All our conclusions and recommendations are listed in Chapter 7. They are summarised below.

We recommend that Parliament should establish a joint committee–made up of MPs and Peers–to exercise greater parliamentary oversight of HMRC and the settlements it reaches with multinationals. Like the Intelligence and Security Committee, the new Committee would examine confidential evidence in private. 

We recommend that the Treasury should urgently review the UK's corporate taxation regime and report back within a year with proposed changes to be made at home and pursued internationally, especially through the OECD

On the international front, we recognise that the Treasury are already working for early implementation of the OECD's Action Plan to tackle Base Erosion and Profit Shifting (BEPS). We recommend that the review should also consider other approaches to the taxation of multinational companies' profits, such as a destination-based cash flow tax.

In the UK, we recommend that the review should re-examine some fundamentals of the UK's corporation tax regime, including differential tax treatment of debt and equity and the scope for introduction of an allowance for corporate equity.

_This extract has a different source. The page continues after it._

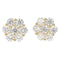Boucles d'oreilles Boucles D'Oreilles Diamants 58 Facettes 4243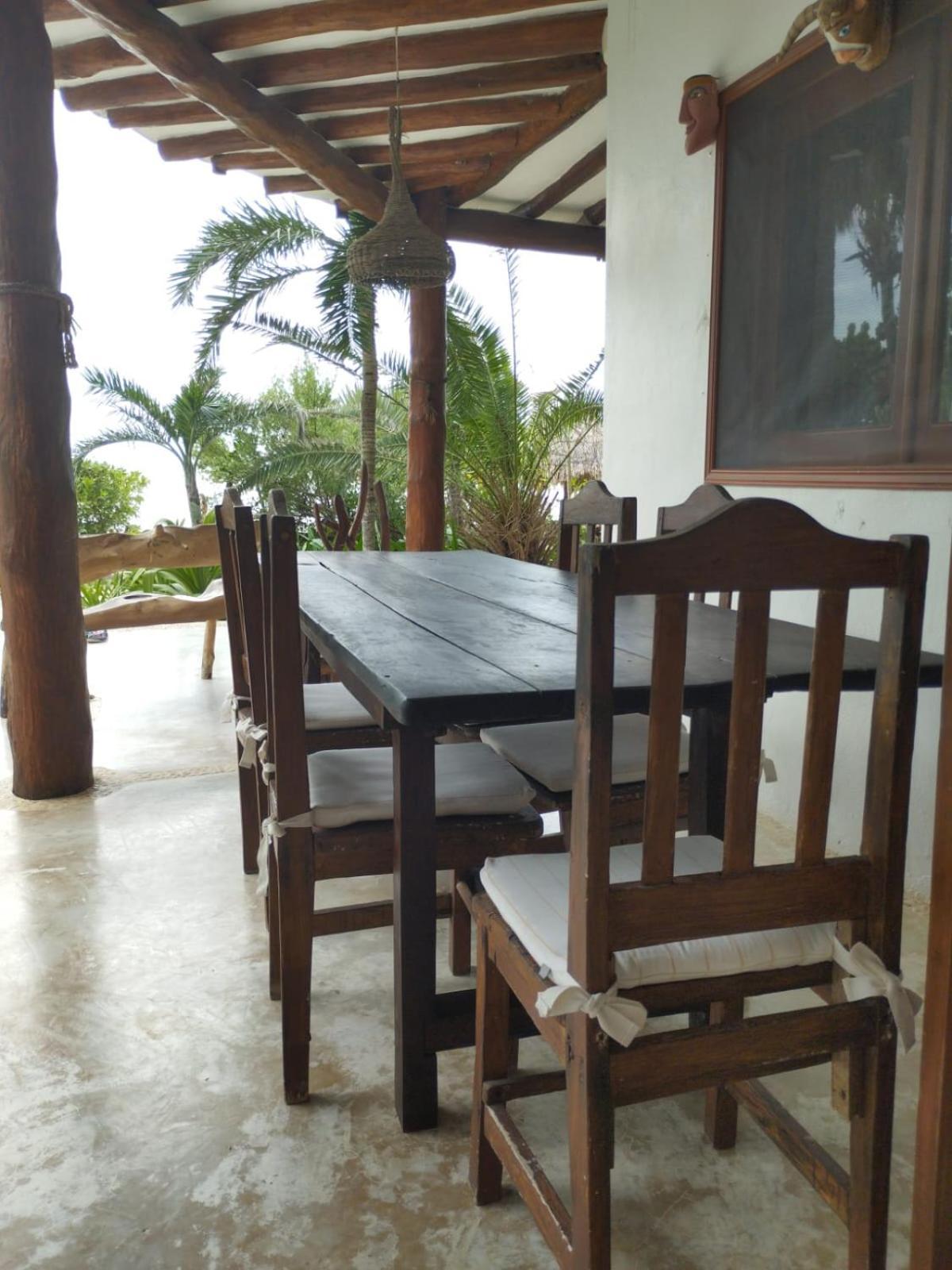 Casa Tom Tom - Adults Only Bed & Breakfast Isla Holbox Luaran gambar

We recognise that the Treasury will already be working on policy initiatives against avoidance already announced by the Government, such as naming and shaming promoters of tax avoidance schemes, and self-certification of compliance with tax obligations by companies bidding for public contracts. We recommend that the review should also consider a series of anti-avoidance measures for the shorter term, such as:

(i) regulation of tax advisers; 

(ii) measures to penalise users of failed tax avoidance schemes; 

(iii) a requirement on companies with large operations in the UK to publish a proforma summary of their corporation tax returns, so as to bring about greater transparency. 

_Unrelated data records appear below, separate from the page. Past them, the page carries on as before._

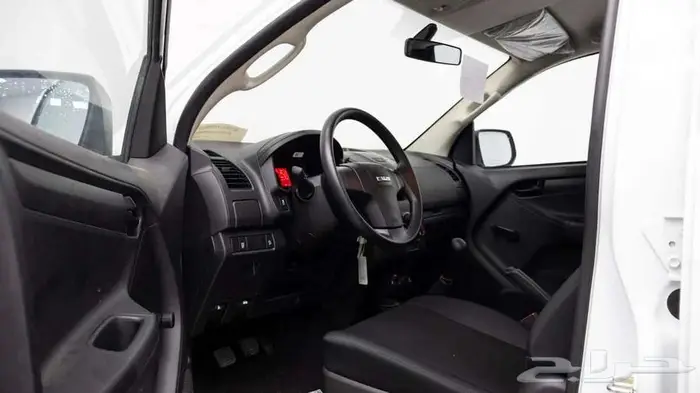 ايسوزو ديماكس غمارتين ستاندر 2026 كاش وتاجير منتهي بالتمليك 7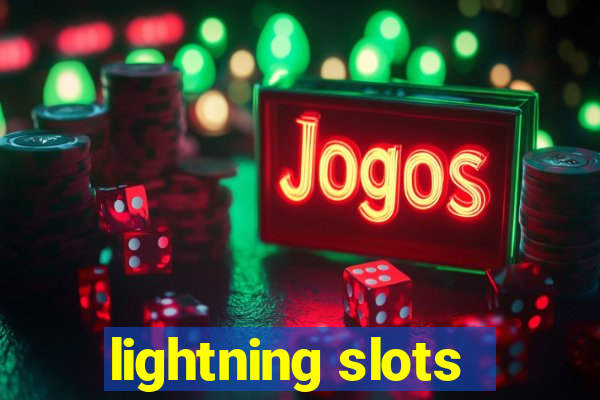 lightning slots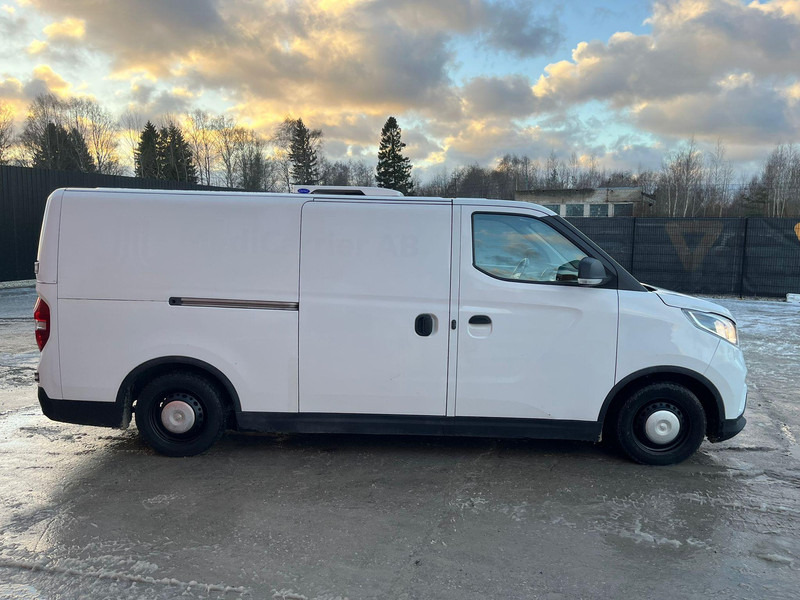 Maxus E-Deliver 3 NEOS 100 / BOX L=2400 mm - Refrigerated delivery van, Electric van: picture 5 Maxus E-Deliver 3 NEOS 100 / BOX L=2400 mm - Refrigerated delivery van, Electric van: picture 5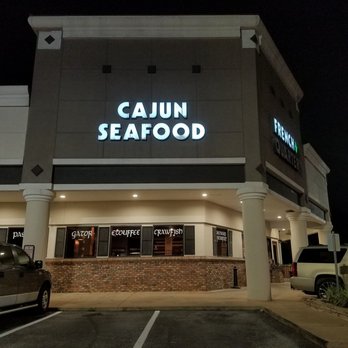 French Quarter Cajun Seafood - Barbi and I love to French - Cajun/Creole Near Me - Houston, Texas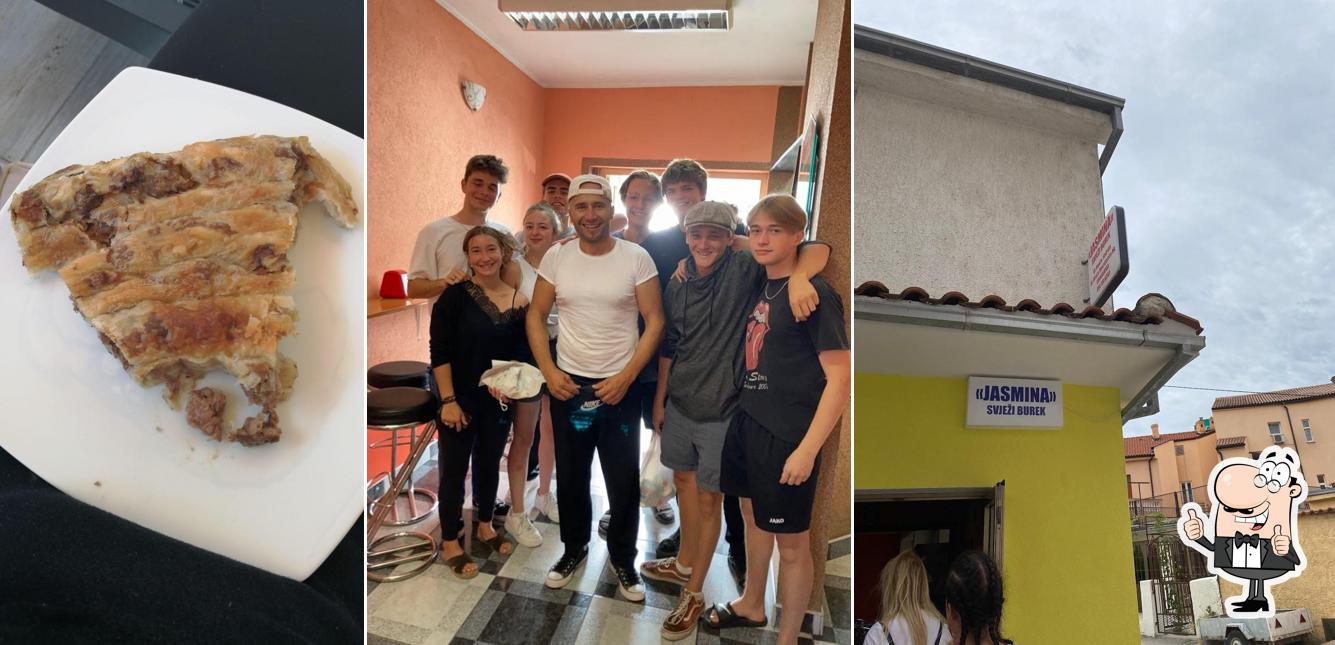 Zdravljak jasmina Burek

We also recommend that HMRC should be better resourced to deal effectively with the tax affairs of complex and well-resourced multinationals.

I welcome the report: some of its conclusions are clearly relevant and appropriate, I have highlighted those that make obvious sense. There are, however, some deeply worrying recommendations in there.

Giving allowances for equity rather than restricting relief for debt simply reduces, yet again, the tax paid on capital and shifts the burden of tax, once more onto ordinary people.

And a destination-based cash flow tax (a Prof Mike Devereux idea from the Oxford University Said Business School - funded as it is by very big business) is actually and very simply a suggestion to, in effect, increase VAT to replace corporation tax - which would again simply shift the burden of tax from capital onto ordinary people. It would also strip taxing rights out of poorer and developing countries where, of course, consumption is lower but need for corporate tax revenues is highest. This is a theme I will return to.

For now it is worth noting that this is a welcome report for the summary to provides of current thinking. But in terms of its economic logic it reveals a profoundly regressive view point that ignored evidence on unitary tax, gave too much weight to big business and its advisers and which reveals a poverty of thinking about how to really address the problem - which is the ability of multinational corporations to arbitrage the tax system to provide them with an inherent tax advantage, which the committee appeared unwilling to tackle based on my reading of the report, so far.